Go Global Tanzania 2019: Community, Creativity, and Communications
The Beyond Borders: Go Global Tanzania 2019 exhibit shares a few glimpses into the works created by students who participated in the Go Global Tanzania: Community, Creativity, and Communications program Summer Term 1, 2019. The program enabled UBC Okanagan and UBC Vancouver students from all degree programs to immerse themselves in an interdisciplinary, intercultural context, considering questions such as:
- What does travel and travel writing enable us to explore – not only about the people and places we encounter, but also about ourselves?
- How are places represented and people’s stories told – or not told?
- How can sharing diverse ideas and perspectives lead to understanding and mutual benefits across disciplines and across cultures?

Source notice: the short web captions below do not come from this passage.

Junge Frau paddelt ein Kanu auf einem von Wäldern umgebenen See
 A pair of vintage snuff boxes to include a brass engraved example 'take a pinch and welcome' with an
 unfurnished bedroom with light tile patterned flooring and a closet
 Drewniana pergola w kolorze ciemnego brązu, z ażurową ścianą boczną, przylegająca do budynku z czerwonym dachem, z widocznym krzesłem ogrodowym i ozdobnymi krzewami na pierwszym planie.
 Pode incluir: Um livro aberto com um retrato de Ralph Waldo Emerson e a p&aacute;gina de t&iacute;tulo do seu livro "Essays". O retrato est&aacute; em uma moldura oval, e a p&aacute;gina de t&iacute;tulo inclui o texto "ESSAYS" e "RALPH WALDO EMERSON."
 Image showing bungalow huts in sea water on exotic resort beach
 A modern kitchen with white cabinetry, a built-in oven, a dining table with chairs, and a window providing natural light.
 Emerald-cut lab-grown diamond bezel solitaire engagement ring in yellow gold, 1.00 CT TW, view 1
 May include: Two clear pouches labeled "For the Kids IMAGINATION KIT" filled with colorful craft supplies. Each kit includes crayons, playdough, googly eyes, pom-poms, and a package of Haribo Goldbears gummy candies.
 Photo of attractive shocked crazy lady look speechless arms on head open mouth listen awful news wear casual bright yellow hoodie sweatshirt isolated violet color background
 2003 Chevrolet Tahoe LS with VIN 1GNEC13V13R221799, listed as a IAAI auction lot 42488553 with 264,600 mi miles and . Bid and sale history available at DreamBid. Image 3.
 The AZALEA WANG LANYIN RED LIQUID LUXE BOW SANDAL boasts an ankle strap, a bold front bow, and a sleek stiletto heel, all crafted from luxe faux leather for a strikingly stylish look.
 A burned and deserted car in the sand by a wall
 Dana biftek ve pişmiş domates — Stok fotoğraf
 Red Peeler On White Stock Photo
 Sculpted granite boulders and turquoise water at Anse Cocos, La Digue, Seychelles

- How can creative and cultural production inspire social change and community building, both locally and interculturally?
The Go Global program, led by Faculty of Creative and Critical Studies English Instructor Joanna Cockerline, abounded with diverse experiential learning opportunities. Students visited villages, markets, and local schools as well as historic and culturally-significant sites. Activities ranged from participation in locally-led environmental initiatives to hands-on learning at artisans’ workshops and roundtable discussions with prominent East African authors, filmmakers, artists, human rights leaders, and community activists. Students had opportunities to delve into academic projects alongside creative pursuits such as poetry, film, web design, photography, and multi-media art.
The Beyond Borders: Go Global Tanzania 2019 exhibit shares just a few of the experiences and pieces of work inspired by our journey.
Guest Speakers and Authors
Numerous guest speakers from East Africa shared their works and ideas with the students.
Ndungi Githuku, an internationally-recognized human rights activist, filmmaker, slam poet, reggae artist, and street theatre instigator, discussed grassroots strategies for what he deems “artivism”: the power of art to inspire social justice and change
Munira Hussein, a fiction writer and poet from northeastern Kenya, travelled to Tanzania to read from her works and share her perspectives on the increasing opportunities independent publishing can forge in contexts of governmental, economic, and gender oppression
Charles Chanchori, novelist and journalist, discussed his work plus insights on alternative publishing channels and the use of social media to increase accessibility to literature
Faith Mutheu, recently named the Most Influential Young Person in Kenya, shared her perspectives as founder of a mentorship program for disadvantaged youth, and as the author of a book based on overcoming challenges of her past
Rukia Kurwa, an Arusha-based artist, TED talk speaker, and founder of the artists’ collective The Annoyin’ Artist, further emphasized the power of cultural productions to inspire social change, understanding, and connectivity across borders
Whether exploring contemporary East African writing, film or art, discussing these works with their authors and producers, or immersing themselves in the rhythms of daily life in Tanzania, students who participated in the program all agree that the questions they asked of themselves are not uncomplicated ones – and are ones that will continue to impact them far beyond the program.